Monday, 3 June 2013

Best Investment Strategy For Most People

The best investment strategy for most people is to KEEP IT SIMPLE. Don't complicate things when investing money or you'll likely feel uncomfortable and lose interest. Here we offer a simple solution for both choosing investment options and asset allocation.
The best investment options for most people who want simplicity: index funds. You don't need to worry about fund performance since these are mutual funds that track a stock or bond index. Plus, the cost of investing money is low if you go with a major no-load fund company.

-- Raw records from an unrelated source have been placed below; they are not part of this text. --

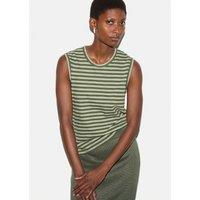 Jigsaw Pure Cotton Striped Tank Top Green Mix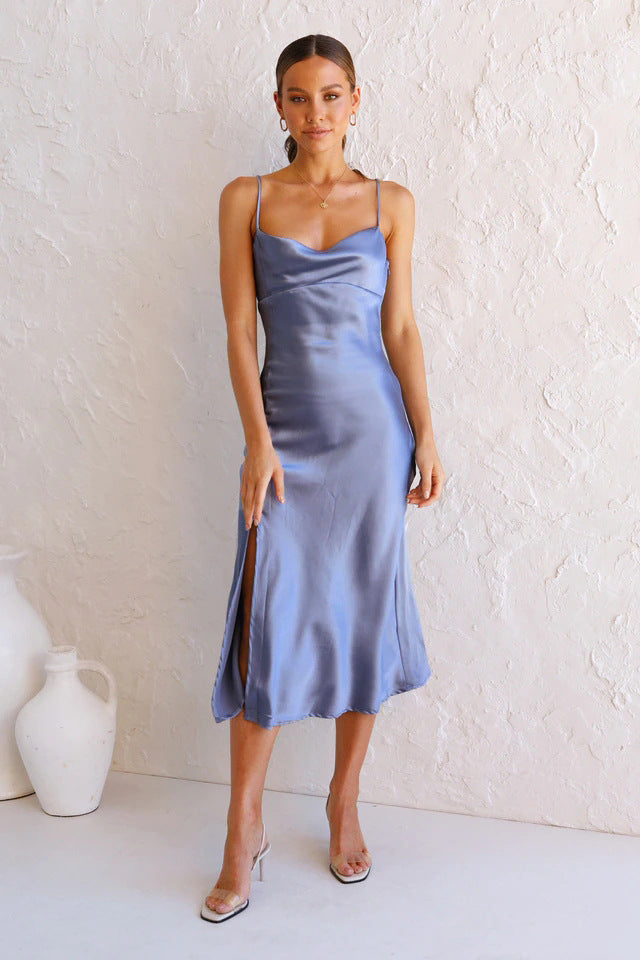 Sling Long Skirt Shiny Stretch Satin Slit Long Party Dress
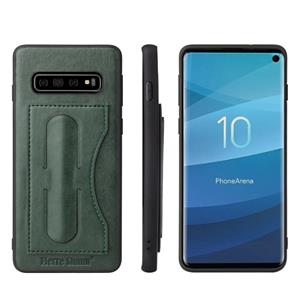 huismerk Fierre Shann volledige dekking beschermende lederen draagtas voor Galaxy S10 PLUS met houder & kaartsleuf (groen)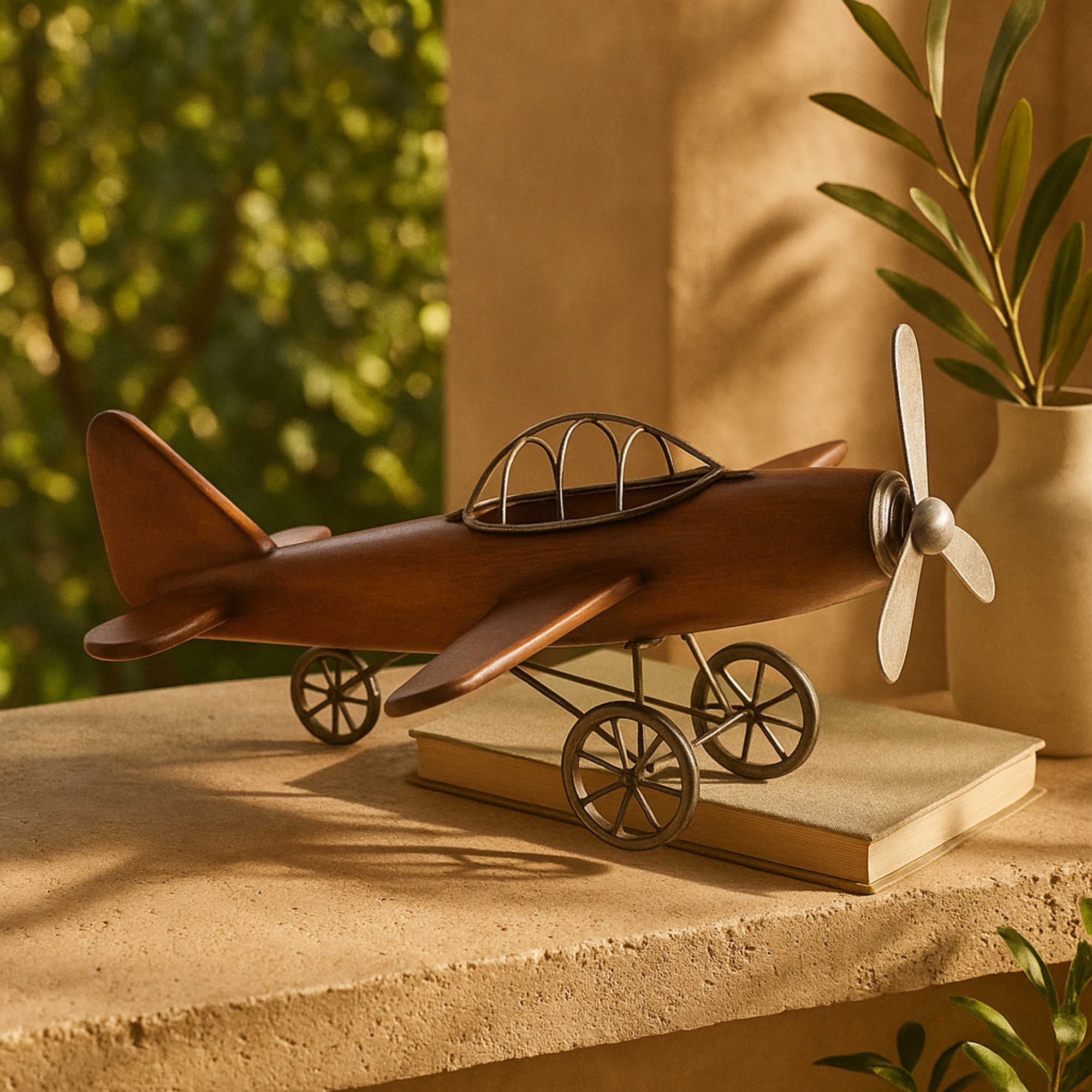 Airplane Brown Wood Decorative Sculpture with Gray Metal Accents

The other half of the investment strategy equation is called asset allocation. To keep it real simple, you will be investing in three different types of mutual funds: stock index funds, bond index funds and money market funds. How much (what percent of your total investment assets) should you invest in each?
Best investment strategy for most people: 50% to stock index funds and the rest split evenly between bond index funds and money market funds. Investing money with this asset allocation puts half of your money at risk in an attempt to make greater profits. The other half is safer and pays interest in the form of dividends.
Your bond fund will generally pay more interest, and you will benefit when interest rates are stable or falling. When interest rates rise expect losses in any bond investment. Money market funds, on the other hand, benefit when rates go up and rarely (if ever) fluctuate in value.
If you want higher safety put more money in your money market fund than in your bond fund. For greater income in this safer half of your portfolio, invest more in your bond fund. Otherwise just go with our original asset allocation above.
Now, you know how to set things up. But to have a complete investment strategy you need to manage things over time. We'll keep this simple as well.
Don't let your allocation numbers get out of line as time goes by. If you started investing money with 50% in stock index funds and the other half evenly split as suggested ... keep it that way. At least once a year review your progress and your percentages. Move money around when necessary.
For example, you see that your stock fund accounts for only 45% of your total vs. your original allocation of 50%. Move money from your other two investment options to get back on track.
Why I call this the best investment strategy for most people: It's easy to set up and implement; and you can make better returns than many investors without the risk of taking huge losses like many do in a year like 2008.